Northeastern Section - 53rd Annual Meeting - 2018

Paper No. 7-2
Presentation Time: 8:00 AM-12:00 PM

KINEMATIC HISTORY OF THE CLARE MYLONITE IN THE NORTHWEST ADIRONDACKS: STRUCTURAL AND PETROGRAPHIC ANALYSIS


YAGER, Kristie, KETCHUM, Adam, BIER, Sara E., SHRADER, Christian and WILSON, Sam, Geology Department, State University of New York at Potsdam, 44 Pierrepont Avenue, Potsdam, NY 13676

Shear zones in the northwest Adirondacks remain enigmatic in terms of the kinematic history. Mylonites are ubiquitous throughout the northwest Adirondacks and much attention has been given to the Carthage Colton shear zone (CCsz) as the boundary between the Adirondack Highlands and the Adirondack Lowlands.
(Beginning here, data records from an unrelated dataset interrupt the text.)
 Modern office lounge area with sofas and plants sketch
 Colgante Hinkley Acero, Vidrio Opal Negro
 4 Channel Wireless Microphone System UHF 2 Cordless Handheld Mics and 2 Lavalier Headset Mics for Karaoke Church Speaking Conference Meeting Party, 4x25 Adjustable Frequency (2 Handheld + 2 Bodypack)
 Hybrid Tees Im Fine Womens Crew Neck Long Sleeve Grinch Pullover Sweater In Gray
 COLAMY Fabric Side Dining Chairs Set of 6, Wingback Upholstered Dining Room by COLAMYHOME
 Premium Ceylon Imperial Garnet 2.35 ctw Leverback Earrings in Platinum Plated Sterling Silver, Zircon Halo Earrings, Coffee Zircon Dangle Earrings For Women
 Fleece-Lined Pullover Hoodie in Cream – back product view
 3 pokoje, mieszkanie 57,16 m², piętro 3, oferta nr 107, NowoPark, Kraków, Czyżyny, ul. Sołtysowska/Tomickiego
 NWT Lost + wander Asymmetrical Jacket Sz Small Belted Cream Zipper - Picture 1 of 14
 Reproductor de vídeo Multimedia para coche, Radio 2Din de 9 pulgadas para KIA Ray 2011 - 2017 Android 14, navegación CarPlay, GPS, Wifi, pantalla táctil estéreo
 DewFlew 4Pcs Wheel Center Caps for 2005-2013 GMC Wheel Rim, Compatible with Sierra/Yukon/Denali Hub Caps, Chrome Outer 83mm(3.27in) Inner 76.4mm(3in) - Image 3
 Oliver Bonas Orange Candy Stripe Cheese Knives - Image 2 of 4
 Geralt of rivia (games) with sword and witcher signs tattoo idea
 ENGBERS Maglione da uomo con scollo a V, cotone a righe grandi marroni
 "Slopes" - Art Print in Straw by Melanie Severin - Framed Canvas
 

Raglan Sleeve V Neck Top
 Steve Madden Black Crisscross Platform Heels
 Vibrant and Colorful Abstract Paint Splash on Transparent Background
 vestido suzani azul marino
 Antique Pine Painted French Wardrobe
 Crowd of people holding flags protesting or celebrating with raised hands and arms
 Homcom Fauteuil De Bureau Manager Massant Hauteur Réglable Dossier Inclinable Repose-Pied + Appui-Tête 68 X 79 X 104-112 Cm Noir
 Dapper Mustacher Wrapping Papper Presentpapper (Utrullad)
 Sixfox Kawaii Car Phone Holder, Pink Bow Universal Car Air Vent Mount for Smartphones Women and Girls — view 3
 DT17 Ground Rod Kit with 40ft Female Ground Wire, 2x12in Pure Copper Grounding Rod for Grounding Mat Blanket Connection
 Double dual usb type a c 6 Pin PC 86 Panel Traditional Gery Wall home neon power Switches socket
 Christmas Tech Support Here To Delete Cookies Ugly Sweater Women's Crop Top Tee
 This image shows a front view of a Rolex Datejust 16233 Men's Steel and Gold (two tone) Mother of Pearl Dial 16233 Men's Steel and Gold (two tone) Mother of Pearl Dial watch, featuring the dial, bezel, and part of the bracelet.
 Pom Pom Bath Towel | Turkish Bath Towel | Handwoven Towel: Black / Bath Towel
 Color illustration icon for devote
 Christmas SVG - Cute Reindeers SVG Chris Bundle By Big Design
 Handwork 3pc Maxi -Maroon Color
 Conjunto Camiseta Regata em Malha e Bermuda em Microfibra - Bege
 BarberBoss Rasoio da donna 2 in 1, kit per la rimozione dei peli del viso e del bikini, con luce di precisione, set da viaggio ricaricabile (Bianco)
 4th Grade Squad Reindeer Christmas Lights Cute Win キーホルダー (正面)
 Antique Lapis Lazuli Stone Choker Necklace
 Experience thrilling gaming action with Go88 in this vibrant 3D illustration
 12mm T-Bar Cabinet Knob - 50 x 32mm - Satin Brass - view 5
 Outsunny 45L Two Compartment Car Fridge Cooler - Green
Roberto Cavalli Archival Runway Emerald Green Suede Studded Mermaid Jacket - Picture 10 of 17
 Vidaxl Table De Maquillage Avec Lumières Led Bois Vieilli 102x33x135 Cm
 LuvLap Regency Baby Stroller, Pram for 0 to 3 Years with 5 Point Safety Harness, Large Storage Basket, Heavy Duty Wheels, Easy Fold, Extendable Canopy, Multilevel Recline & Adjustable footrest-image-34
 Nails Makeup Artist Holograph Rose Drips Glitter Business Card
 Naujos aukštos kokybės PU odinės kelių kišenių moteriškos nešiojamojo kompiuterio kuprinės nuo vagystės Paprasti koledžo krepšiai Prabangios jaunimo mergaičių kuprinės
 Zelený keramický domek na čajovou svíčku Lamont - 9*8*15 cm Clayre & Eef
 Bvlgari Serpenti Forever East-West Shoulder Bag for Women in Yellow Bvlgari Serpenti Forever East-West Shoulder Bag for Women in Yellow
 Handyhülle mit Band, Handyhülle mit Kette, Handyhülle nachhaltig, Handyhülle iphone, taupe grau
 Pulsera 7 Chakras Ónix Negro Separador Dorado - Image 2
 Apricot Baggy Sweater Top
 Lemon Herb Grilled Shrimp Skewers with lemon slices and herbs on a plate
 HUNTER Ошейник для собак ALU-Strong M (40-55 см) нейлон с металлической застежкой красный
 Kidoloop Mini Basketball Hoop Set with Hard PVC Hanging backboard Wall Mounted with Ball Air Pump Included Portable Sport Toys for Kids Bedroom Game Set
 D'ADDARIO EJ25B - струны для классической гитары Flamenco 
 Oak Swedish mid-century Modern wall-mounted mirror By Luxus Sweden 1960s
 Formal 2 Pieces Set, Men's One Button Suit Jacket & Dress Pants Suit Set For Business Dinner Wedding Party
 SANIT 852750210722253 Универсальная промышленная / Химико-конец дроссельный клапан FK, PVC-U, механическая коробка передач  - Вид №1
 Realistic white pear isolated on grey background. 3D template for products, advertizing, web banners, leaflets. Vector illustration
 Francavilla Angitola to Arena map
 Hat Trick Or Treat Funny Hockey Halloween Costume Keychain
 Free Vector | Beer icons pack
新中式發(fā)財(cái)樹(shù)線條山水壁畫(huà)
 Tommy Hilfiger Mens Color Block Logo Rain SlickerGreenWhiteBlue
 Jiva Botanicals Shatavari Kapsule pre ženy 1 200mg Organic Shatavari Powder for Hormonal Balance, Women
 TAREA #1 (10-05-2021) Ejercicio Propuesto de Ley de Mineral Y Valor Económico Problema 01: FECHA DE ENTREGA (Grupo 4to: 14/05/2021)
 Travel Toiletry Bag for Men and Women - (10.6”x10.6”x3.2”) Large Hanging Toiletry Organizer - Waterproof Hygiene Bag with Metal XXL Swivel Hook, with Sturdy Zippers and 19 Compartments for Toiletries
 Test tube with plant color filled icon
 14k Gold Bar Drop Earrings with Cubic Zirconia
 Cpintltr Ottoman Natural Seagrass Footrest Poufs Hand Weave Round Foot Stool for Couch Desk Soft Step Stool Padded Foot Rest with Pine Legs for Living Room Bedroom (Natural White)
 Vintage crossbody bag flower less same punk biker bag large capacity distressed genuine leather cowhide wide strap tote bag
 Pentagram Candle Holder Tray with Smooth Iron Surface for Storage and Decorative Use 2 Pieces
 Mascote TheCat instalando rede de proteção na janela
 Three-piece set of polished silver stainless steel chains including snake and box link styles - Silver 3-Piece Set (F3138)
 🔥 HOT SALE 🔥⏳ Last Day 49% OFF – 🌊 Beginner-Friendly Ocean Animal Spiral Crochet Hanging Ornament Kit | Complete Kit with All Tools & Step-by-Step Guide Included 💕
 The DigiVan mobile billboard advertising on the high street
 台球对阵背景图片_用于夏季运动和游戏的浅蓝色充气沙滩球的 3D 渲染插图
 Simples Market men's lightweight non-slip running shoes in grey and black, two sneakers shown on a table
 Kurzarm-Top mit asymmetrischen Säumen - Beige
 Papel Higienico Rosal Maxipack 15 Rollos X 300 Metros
Although there are many recent geochronology studies, there are few published structural studies with systematic strain analysis at the meso- and microscales. The Clare shear zone (Clare Fault) is mapped as a distinct structure in the Adirondack Highlands separate from the CCsz. The mylonite zone, well exposed at a road cut at Brouse’s corner, has been previously described as an extensional feature, and geochronology of an associated pegmatite has been dated at 1044 ± 7 Ma (Selleck et al., 2005). The 63-meter exposure is dominated by leucogranitic gneiss and includes a 2-meter zone of mylonite. The dominant foliation of the gneiss and the mylonite strikes roughly E-W and dips moderately to the N. Detailed field work and microstructural analyses of the Clare shear zone indicates a complicated kinematic history including a dominant strike-slip component in addition to the previously recognized sense of normal (top down to the NW) motion on the shear zone. A combination of analog (Bruntons and field books) and digital (iPads and iPhones) tools were used to conduct fieldwork. Data was compiled in the field using StraboSpot, a new structural geology application that enables a variety of data at multiple scales to be integrated into one project. Seven oriented samples were collected within and surrounding the mylonite and orthogonal sections were cut to enable quantification of strain in 3 dimensions.